In the equity universe I feel that sector selection is a misunderstood and underutilised strategy that can offer alpha regardless of market conditions.

If done properly, a sector selection strategy offers many benefits to the investor. Eliminating the stock-specific idiosyncratic risk through diversification within a sector reduces volatility. At the same time, using a broad basket of stocks from the same sector maintains the fundamental industry alpha. Underlying sector trends are more predictable and reliable than pure stock selection, due to a higher signal-to-noise ratio. By this I mean that for a sector the signal (the fundamental trend in an industry), is easier to identify and more reliable than a stock-specific trend. At the same time the noise, or volatility, around this trend is lower. Forecasting is more reliable when the signal-to-noise ratio is higher.

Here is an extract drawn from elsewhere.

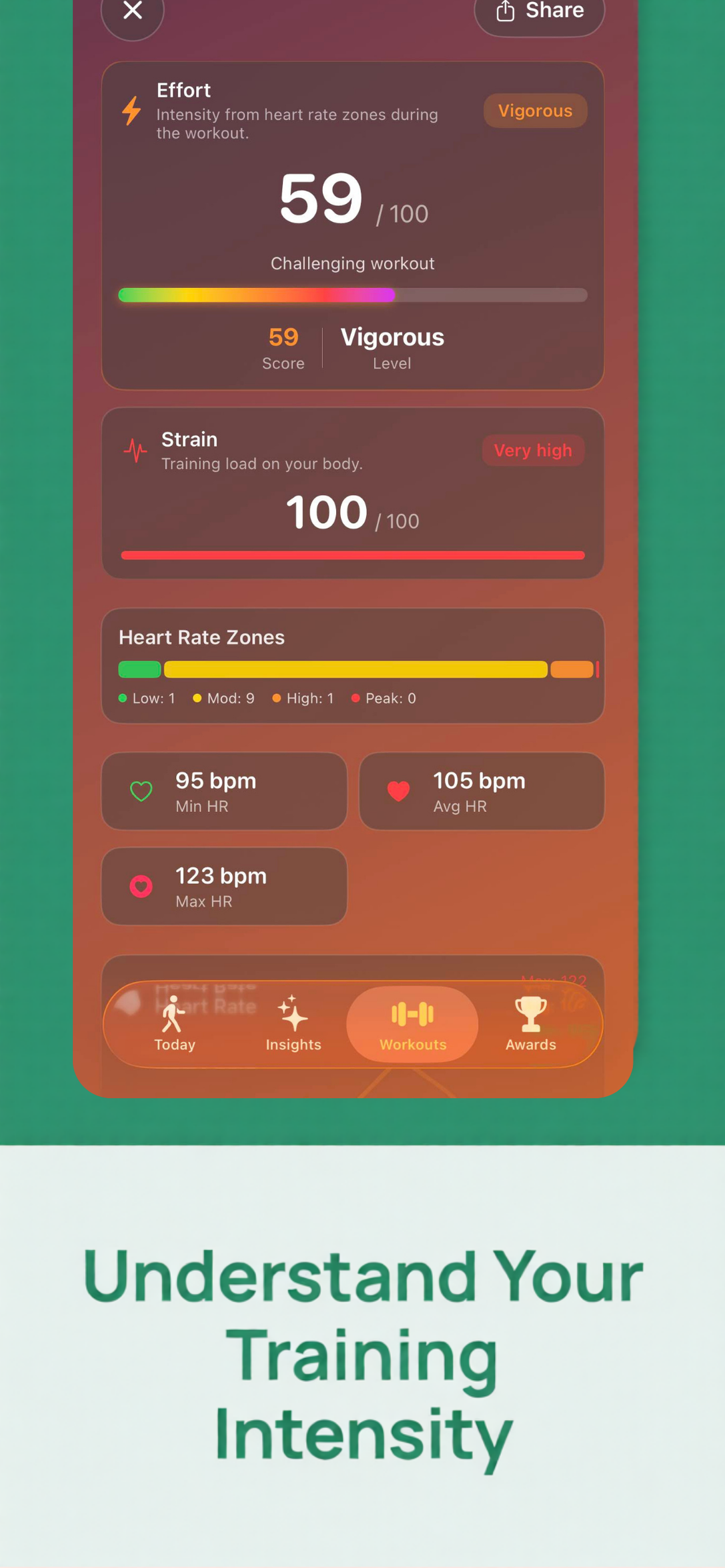 Stepzy - Smart Step Counter gallery image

At the moment, it makes sense to go underweight in sectors with high political risk, such as financials, healthcare and utilities

A simplistic version of sector selection relies on regular investment cycles, with predictable rotation through the cyclicals and into the defensives in a regular cycle. We think a more sophisticated approach is required, involving valuation analysis and potential return drivers over the medium and long-term. In effect, a lot of the cyclical rotation is actually matching betas to the market cycle, as opposed to sector alphas. While matching betas to investment outlook is important, two sectors with similar betas can have completely different alpha drivers, such as financials and materials.

At the moment, it makes sense to go underweight in sectors with high political risk. Specifically financials, healthcare and utilities. Financials are vulnerable to further punitive regulation and taxation, as well as having equity directly owned by governments. Healthcare relies on government subsidies from stretched budgets, and utilities have regulated pricing and profits that we expect to be squeezed for the foreseeable future.

On the other hand, I am more bullish on sectors that will benefit from growing emerging market demand and the recovery of international trade. Although emerging market stocks took a percentage relative hit in 2011, I think that emerging market growth rates will be significantly higher than their developed counterparts for the next decade, with the emerging markets contributing the majority of global GDP growth. Consumer staples are a beneficiary of this, with increasing demand for western staples in emerging markets. Industrials cover a broad sector, but rely on international trade and emerging market demand for developed market knowledge, with companies like Caterpillar increasingly benefiting from emerging market demand. IT demand growth is being driven by Asia and Latin America, with increasing market penetration expected to continue for decades to come, as growth drivers shift from China to India and from Asia to Africa.